Material supplied:
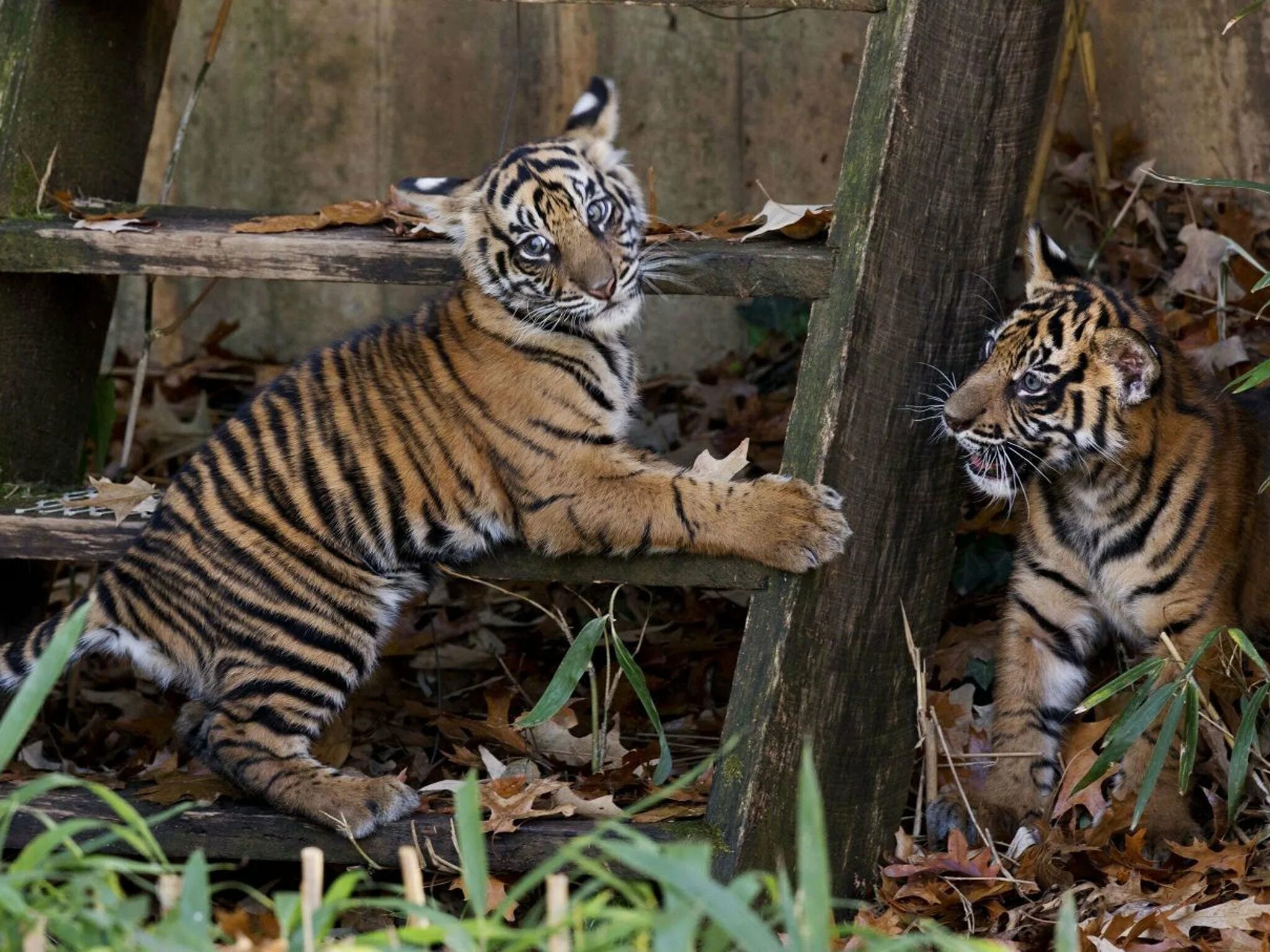 Рысь и тигр. Суматранский тигр. Суматранский тигр детеныш. Играющие тигрята. Молодой тигр.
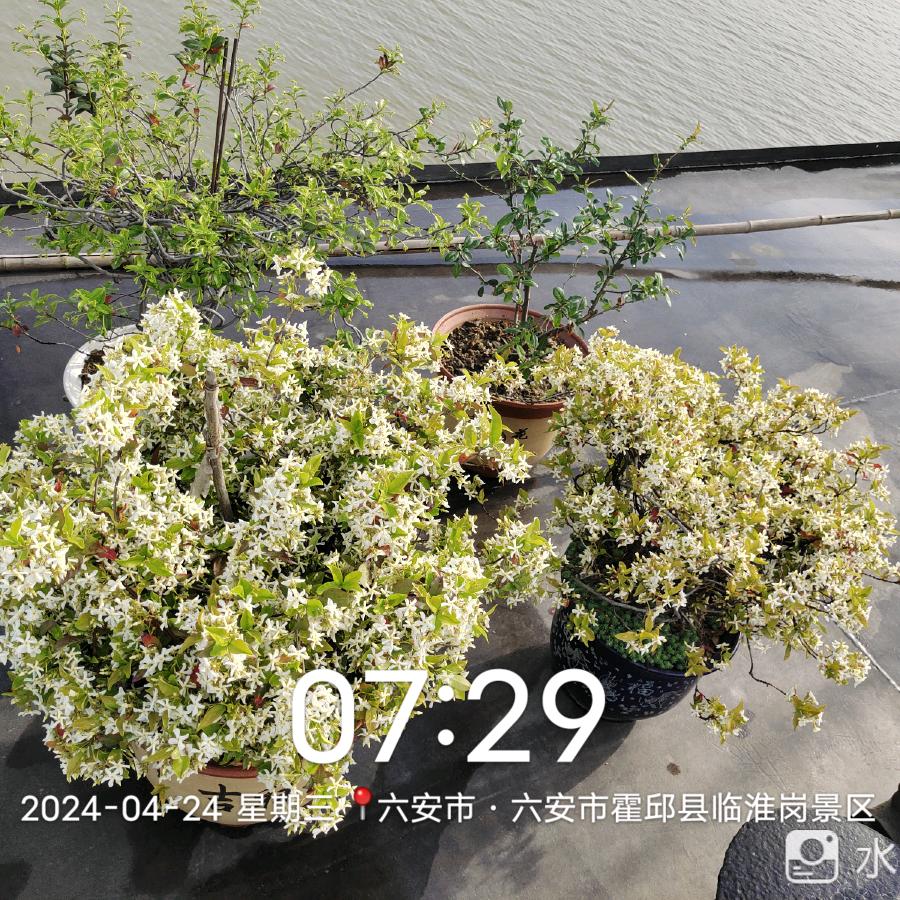 你来我往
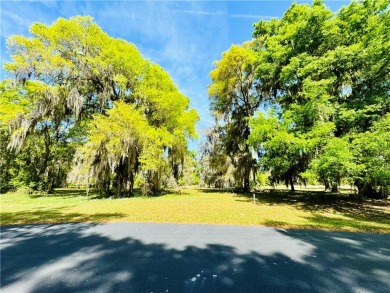 0.87 OF AN ACRE LOT IN AN X FLOOD ZONE (NO FLOOD INSURANCE on Sapelo Hammock Golf Club in Georgia - for sale on GolfHomes.com, golf home, golf lot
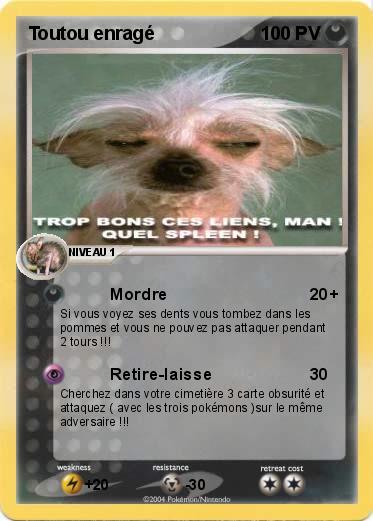 Pokemon Toutou enragé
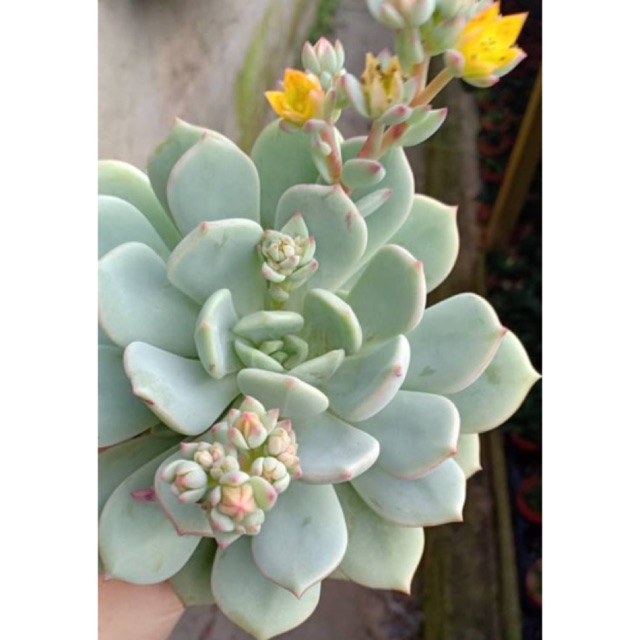 Succulentå¤šè‚‰æ¤ç‰© æ ¼æž—x Graptoveria A Grim One å¤§ç›†big Pot Shopee Malaysia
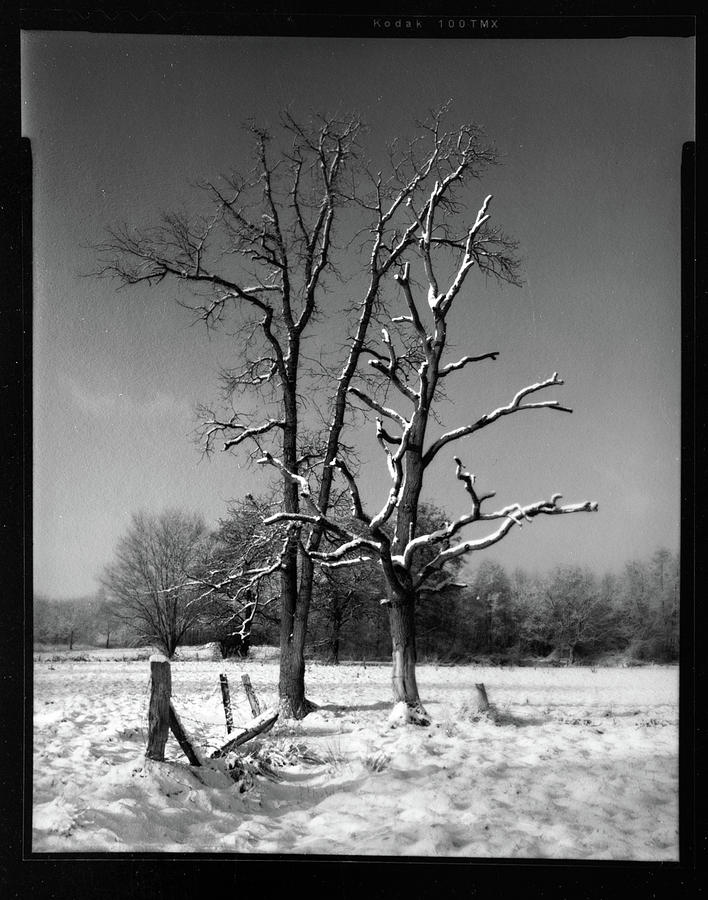 Snow Trees Photograph by Dirk Ercken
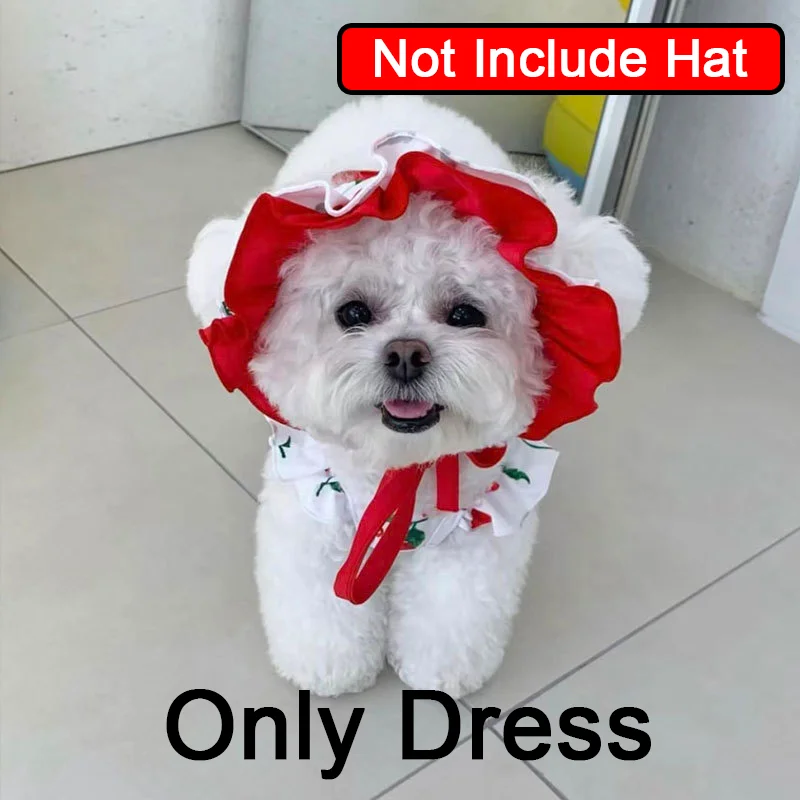 Dog Clothes Cute Cherry Print Dog Swimsuit Pet Cats Puppy Bichon Poodle Thin Breathable Summer Pet Vest Small Dog Dresses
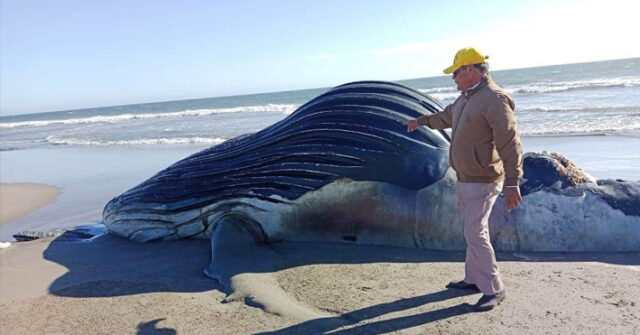 Barco sardinero provoca la muerte de una enorme ballena chacalote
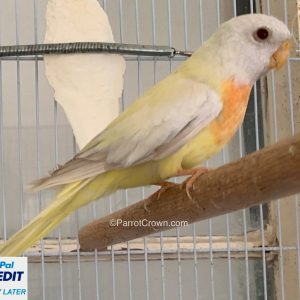 Turquoise Ino Scarlet Chested Parrot for sale (Parakeet)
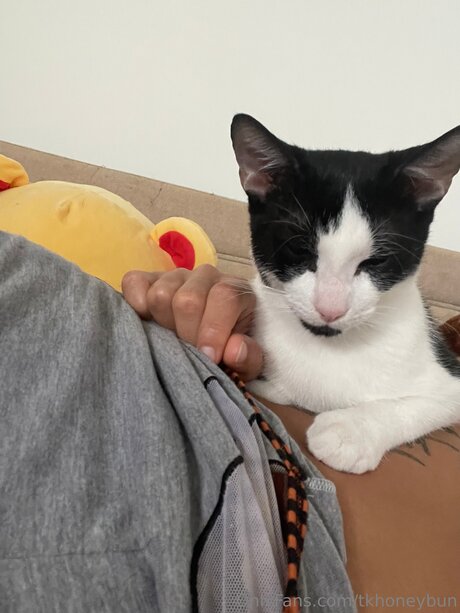 Tkhoneybun actriz libre galerías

Exercise details: Any picture in the material is to be dropped; the rest is repeated exactly.

Result:
 Рысь и тигр. Суматранский тигр. Суматранский тигр детеныш. Играющие тигрята. Молодой тигр.
 你来我往
 0.87 OF AN ACRE LOT IN AN X FLOOD ZONE (NO FLOOD INSURANCE on Sapelo Hammock Golf Club in Georgia - for sale on GolfHomes.com, golf home, golf lot
 Pokemon Toutou enragé
 Succulentå¤šè‚‰æ¤ç‰© æ ¼æž—x Graptoveria A Grim One å¤§ç›†big Pot Shopee Malaysia
 Snow Trees Photograph by Dirk Ercken
 Dog Clothes Cute Cherry Print Dog Swimsuit Pet Cats Puppy Bichon Poodle Thin Breathable Summer Pet Vest Small Dog Dresses
 Barco sardinero provoca la muerte de una enorme ballena chacalote
 Turquoise Ino Scarlet Chested Parrot for sale (Parakeet)
 Tkhoneybun actriz libre galerías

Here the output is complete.